Mehmet Dartar, senelerdir böbrek yetmezliğinden epeyce çekti. Bayramda aradım onu , konuştuk ; epeyce sohbet ettik. Önden giden tüm dostlara da birlikte dualar ettik. Onu ha gitti , ha gidecek diye ziyarete giden dostlarından çoğu ondan önce öte aleme hicret ettiler.O bugüne kadar yaşadı. Ecel gelmeyince ömür bitmiyor. Ecel gelince de işin yarıda kalmış, çocukların küçükmüş buna da bakılmıyor. İşte vadesi dolan yiğit dostum , dava arkadaşım , gönüldaşım Mehmet Dartar da ebedi diyara hicret etti bugün .
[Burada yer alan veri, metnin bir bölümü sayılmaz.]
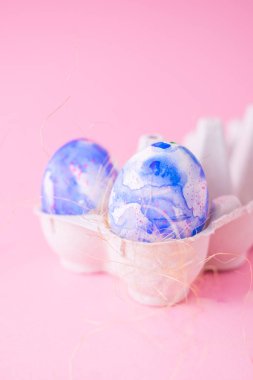 Klasik mavi suluboya akvaryumla süslenmiş iki paskalya yumurtası, sade pembe arka planda minimalizm tarzında. Fotokopi alanı olan Paskalya tatili dekorasyonları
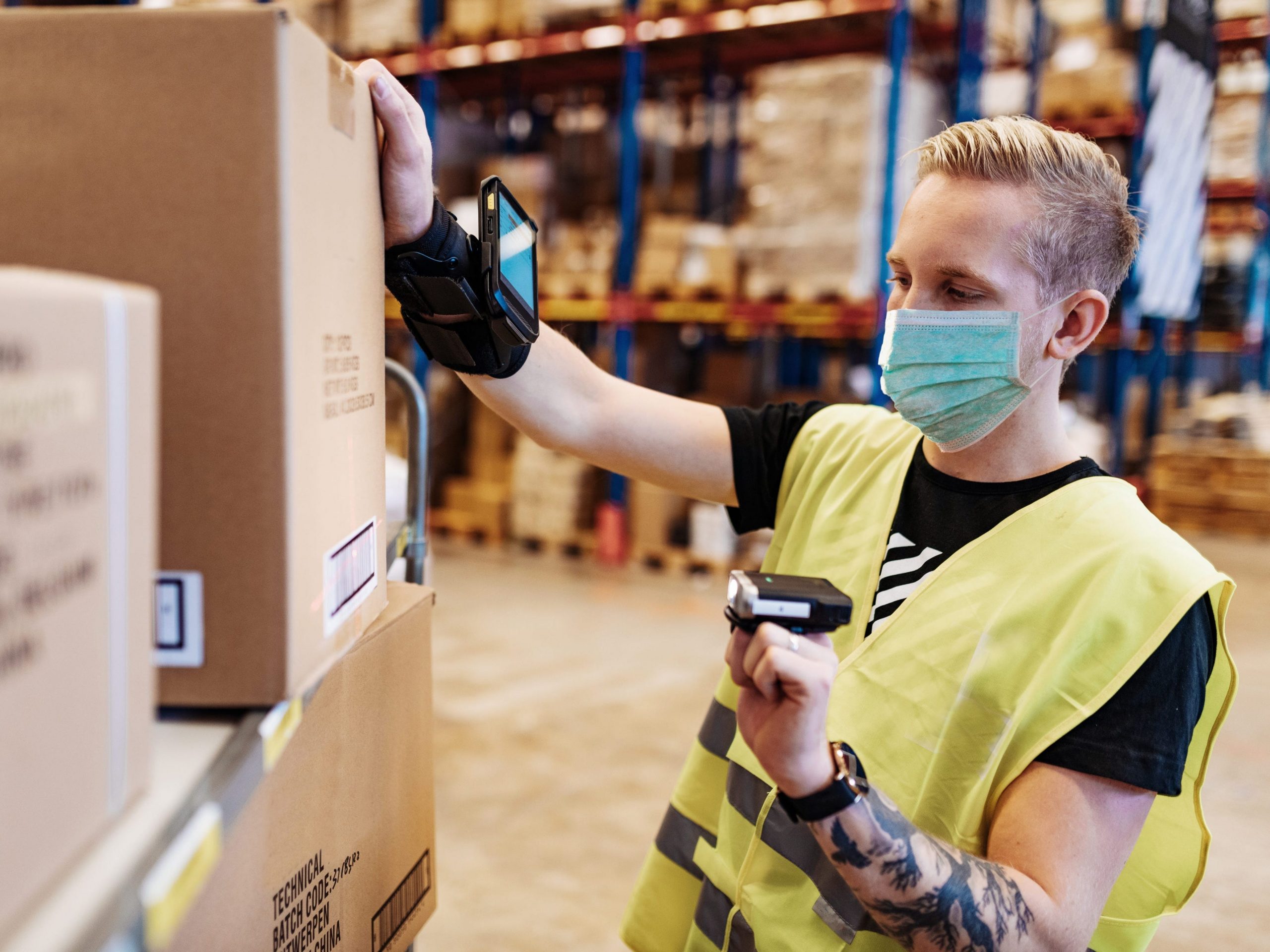 A warehouse worker scans a box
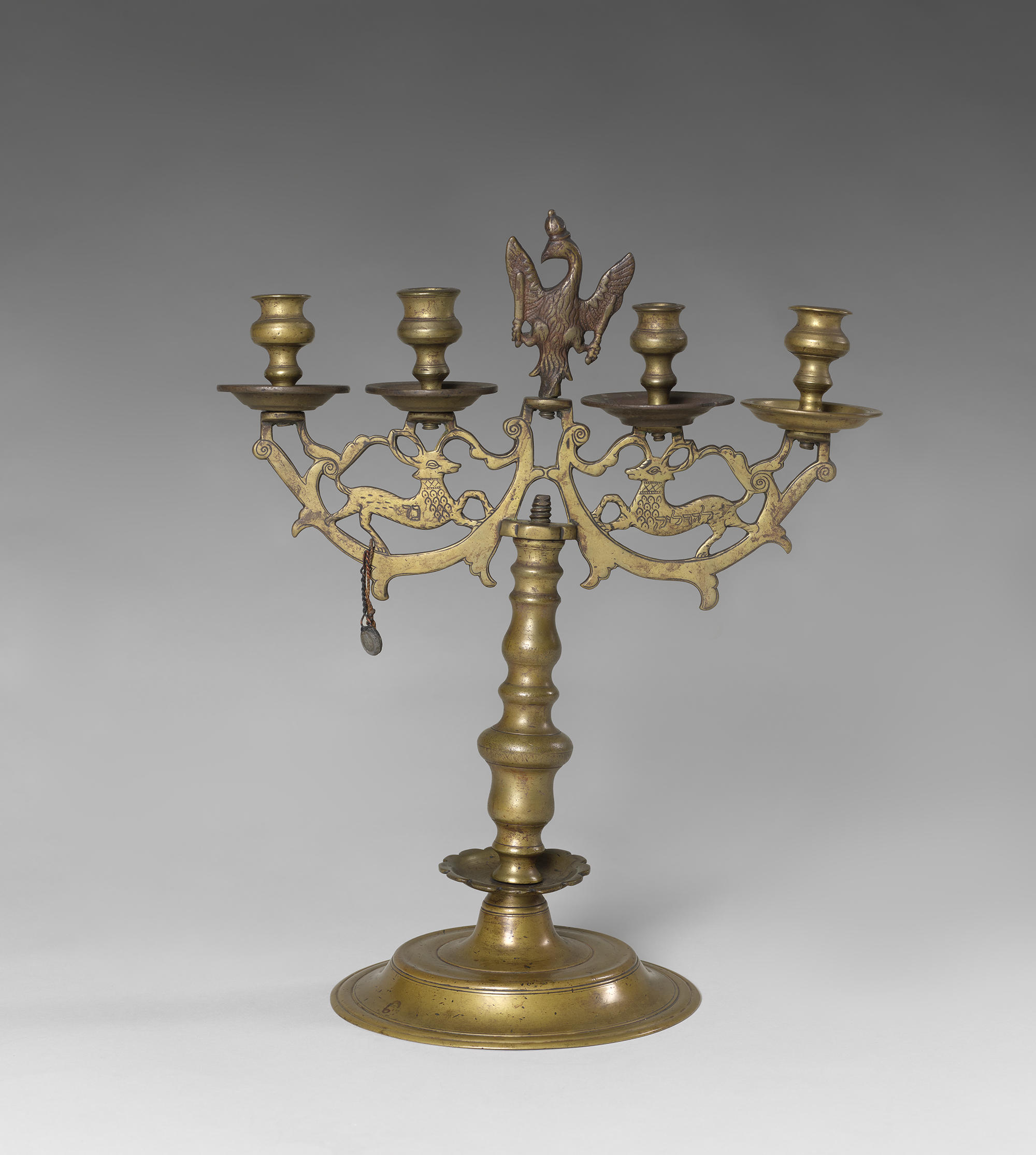 A gold  candlestick holder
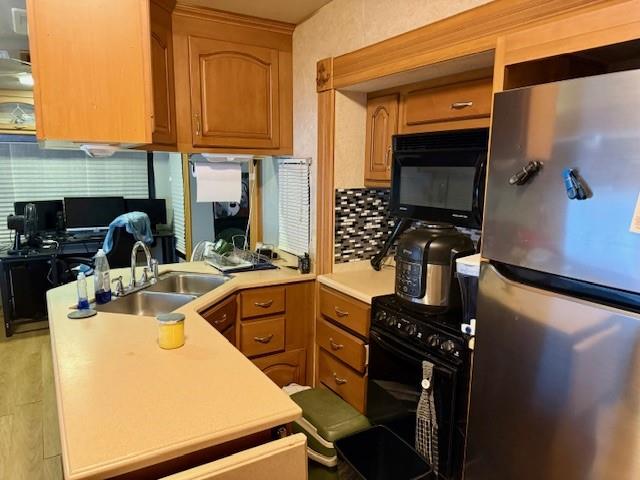 6435 FM 17 Yantis, TX 75497 - Photo 19 of 22 a kitchen with a sink appliances and cabinets
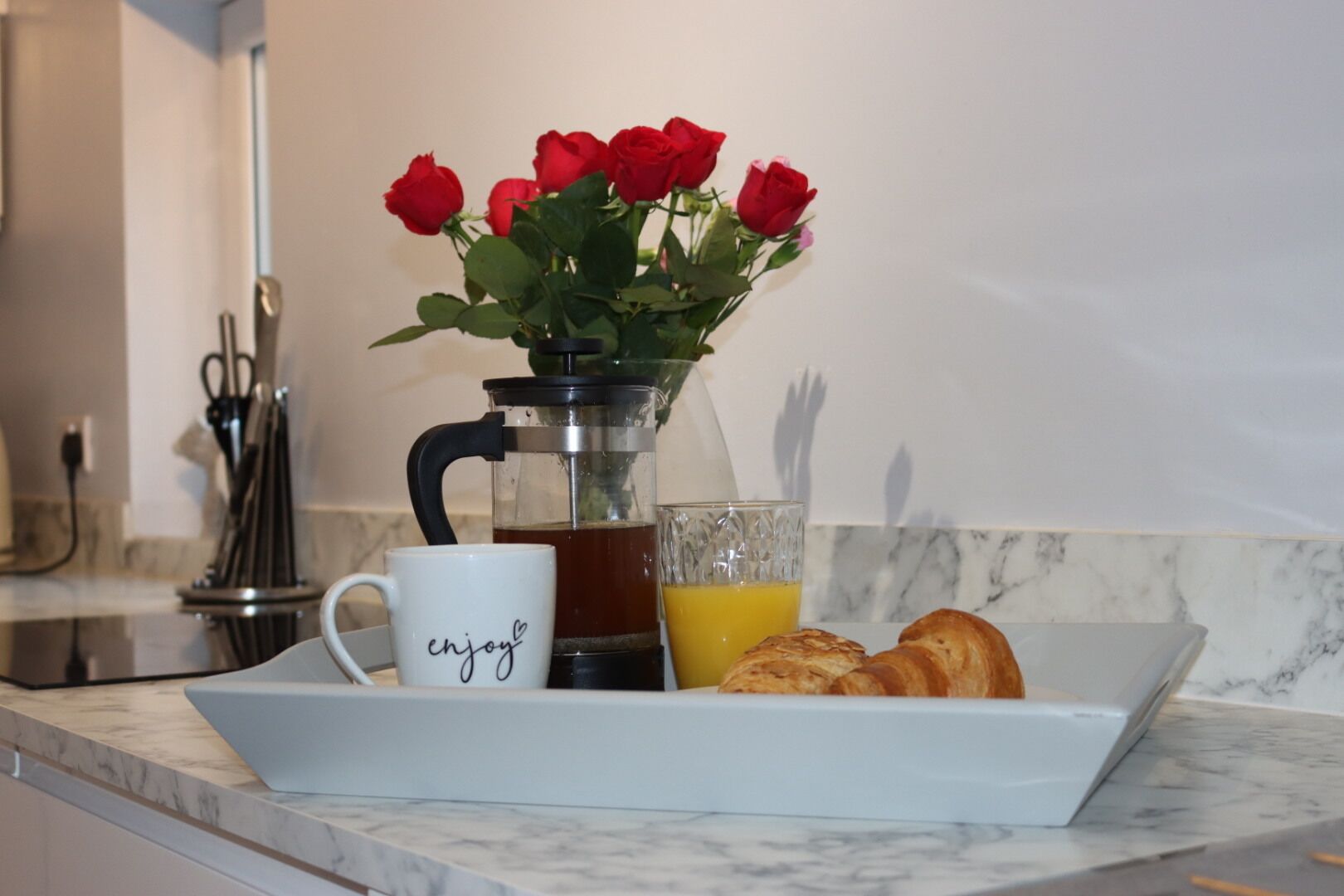 A kitchen counter with a coffee maker, a mug, a glass of orange juice, and a plate with croissants.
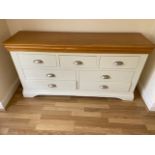 A painted 7 drawer chest, 150cm wide x 77cm high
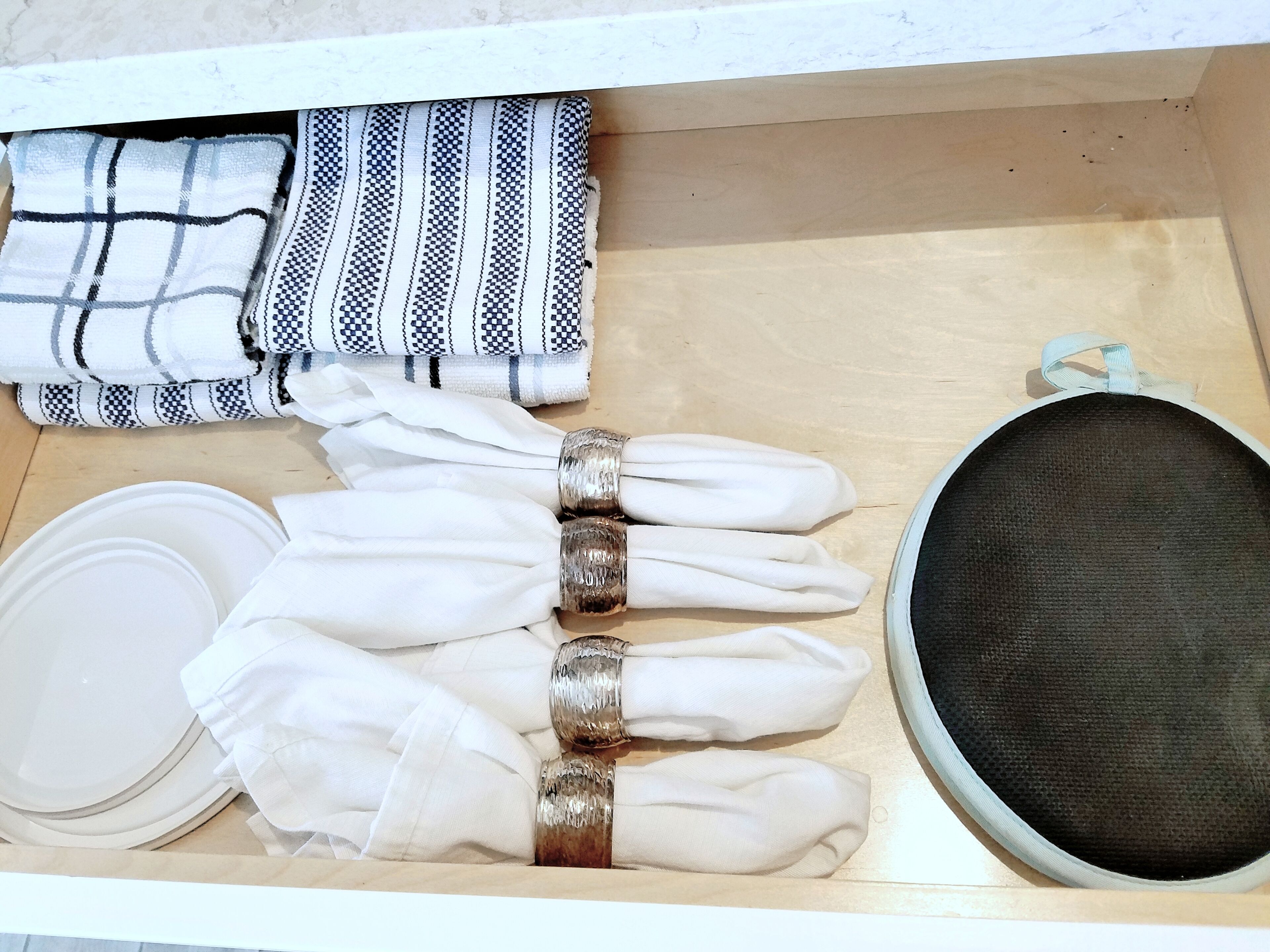Uma gaveta com guardanapos brancos dobrados, um pano quadriculado preto e branco e uma tigela de malha preta.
Ruhu şad olsun. Rabbim rahmet eylesin. Mekanı cennet olsun. Rabbim merhametiyle yargılasın. Allah’ın: “ Rabbine dön “ emrine uydun, bugün yola çıktın sen. Yolun açık olsun dava ve yol arkadaşım güzel insan. Bizde bir gün uyacağız arkanızdan bu ilahi emre. Rabbim bizi orada korktuklarımızdan emin, sevdiklerimize de nail eylesin. .
Başta kederli evlatlarına, ailene , seni seven değerli tüm dost ve dava arkadaşlarına yüce Allah’tan sabırlar diliyorum.